I have some text with phrases containing numbers, followed by a number of symbols. I want to extract them, for example, numbers followed by percentages. Using kwic function from quanteda package seems to work for numbers as regular expressions ("\\d{1,}"
for example).
Nevertheless, I don't find how to extract it followed by a percentage sign, using quanteda.
The following text might serve as a text example:
Thirteen (7%) of 187 patients acquired C. difficile in ICU-1, 9 (36%) of 25 on ICU-2 and 3 (5.9%) of 51 patients in BU. Eight (32%) developed diarrhoea attributable only to C. difficile and/ or toxin, and the remaining 17 (68%) were asymptomat- ic: none had pseudomembranous colitis.
The reason is that when you call kwic()
on a corpus or character object directly, it passes some arguments to tokens()
that affect how the tokenization occurs, prior to the keywords-in-context analysis. (This is documented in the ...
parameter in ?kwic
.)
The default tokenisation in quanteda uses the stringi word boundary definitions, so that:
tokens("Thirteen (7%) of 187")
# tokens from 1 document.
# text1 :
# [1] "Thirteen" "(" "7" "%" ")" "of" "187"

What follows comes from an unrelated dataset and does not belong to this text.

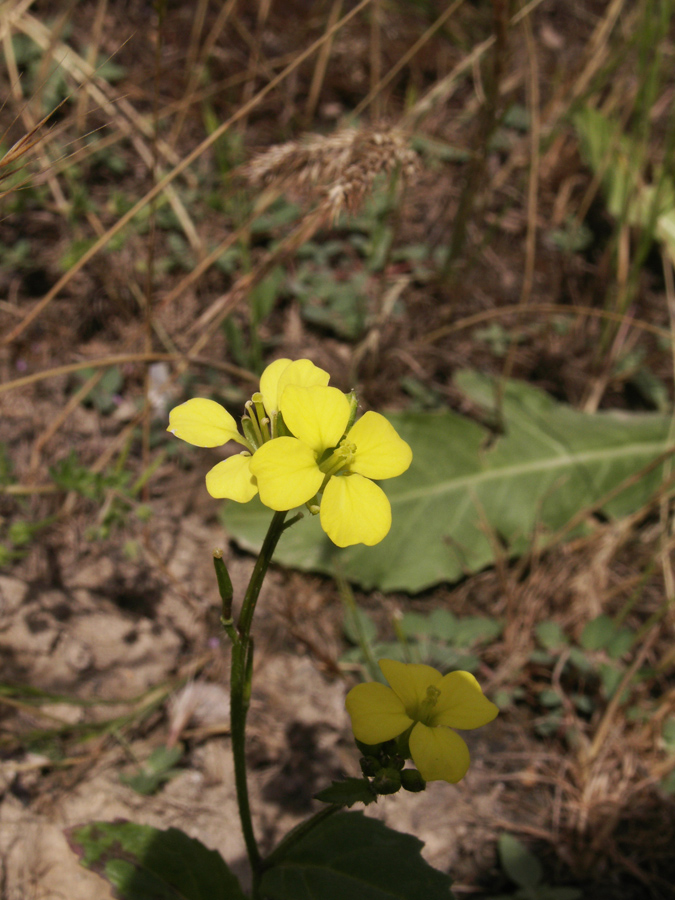 Image of Sinapis arvensis specimen.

If you want to use a simpler, whitespace tokeniser, this can be accomplished using:
tokens("Thirteen (7%) of 187", what = "fasterword")
# tokens from 1 document.
# text1 :
# [1] "Thirteen" "(7%)" "of" "187"
So, the way to use this as you are wanting in kwic()
would be:
kwic(s, "\\d+%", valuetype = "regex", what = "fasterword")
# [text1, 2] Thirteen | (7%) | of 187 patients acquired C.

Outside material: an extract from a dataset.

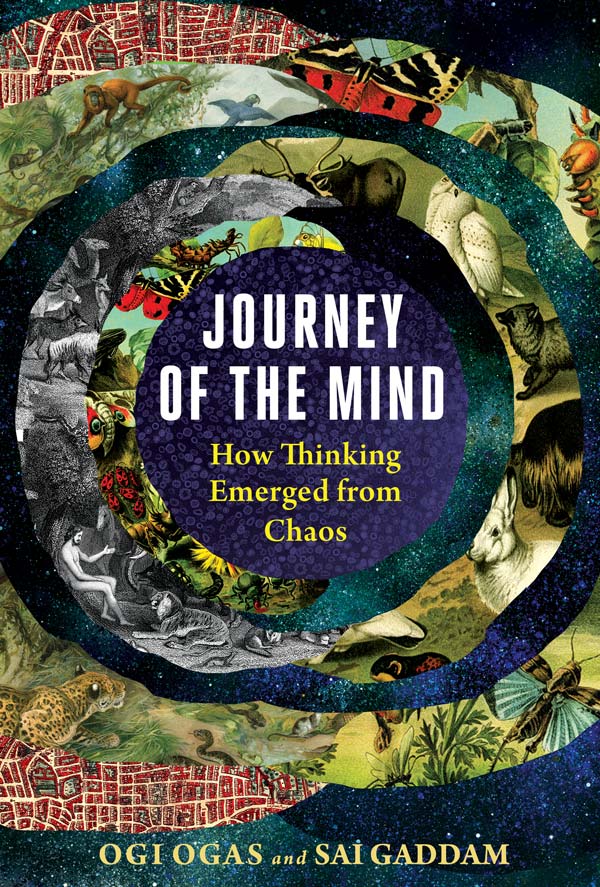 Journey of the Mind: How Thinking Emerged from Chaos (book cover)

# [text1, 12] C. difficile in ICU-1, 9 | (36%) | of 25 on ICU-2 and
# [text1, 19] 25 on ICU-2 and 3 | (5.9%) | of 51 patients in BU.
# [text1, 26] 51 patients in BU. Eight | (32%) | developed diarrhoea attributable only to
# [text1, 41] toxin, and the remaining 17 | (68%) | were asymptomat- ic: none had
Otherwise, you need to wrap the regex in a phrase()
function, and separate the elements by whitespace:
kwic(s, phrase("\\d+ %"), valuetype = "regex")
# [text1, 3:4] Thirteen( | 7 % | ) of 187 patients acquired
# [text1, 18:19] in ICU-1, 9( | 36 % | ) of 25 on ICU-2
# [text1, 28:29] on ICU-2 and 3( | 5.9 % | ) of 51 patients in
# [text1, 39:40] in BU. Eight( | 32 % | ) developed diarrhoea attributable only
# [text1, 60:61] and the remaining 17( | 68 % | ) were asymptomat- ic
This behaviour might take a bit of getting used to, but it's the best way of ensuring complete user control over searching for multi-token sequences, rather than implementing a single way of determining what should be the elements of a multi-token sequence when the inputs have yet to be tokenised.